Fast R

Project

Fast R

Principal Investigator

Jan Vitek

Purdue University

Oracle Fellowship Recipient

Lei Zhao, Leo Osvald, Prahlad Joshi, Roman Tsegelskyi

Oracle Principal Investigator

Mario Wolczko, Architect

Summary

Scripting languages, like R, are lightweight, dynamic programming languages that maximize productivity by offering highlevel abstractions. However, they lose their appeal when requirements stabilize and projects enter their deployment phase. The compromises made to reduce development time make it hard to scale to large data sets or perform computationally intensive tasks. This is certainly the case for R. R is a dynamic language for statistical computing that combines lazy functional features and object-oriented programming. Released in 1995 under a GNU GPL license, R rapidly became the lingua franca for statistical data analysis. Today, there are over 4000 packages available from repositories such as CRAN and Bioconductor. The R-forge web site list 1’102 projects. With its 55 user groups, there are about 2,000 package developers, and over 2 million end users. R’s attraction comes from the myriads of open source libraries available on the Internet, and from its dynamic and interactive nature.
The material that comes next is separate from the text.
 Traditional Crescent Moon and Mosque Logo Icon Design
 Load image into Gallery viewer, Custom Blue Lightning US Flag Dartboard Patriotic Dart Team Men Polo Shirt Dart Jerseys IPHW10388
Unlike previous scientific computing languages which enforced a strong distinction between programming and execution, R allows to manipulate data and experiment with formulas with immediate feedback. Unfortunately, as observed by the original authors of R, the application of cutting-edge statistical methodology is limited by the capabilities of the system in which it is implemented. R simply does not scale to the larger problems of interest in practice. The goals of this project are to improve on the R execution environment and collaborate with Oracle Labs in the development of a sustainable, next generation, R environment that will be accepted by the open source R community and provide increased levels of performance and scalability.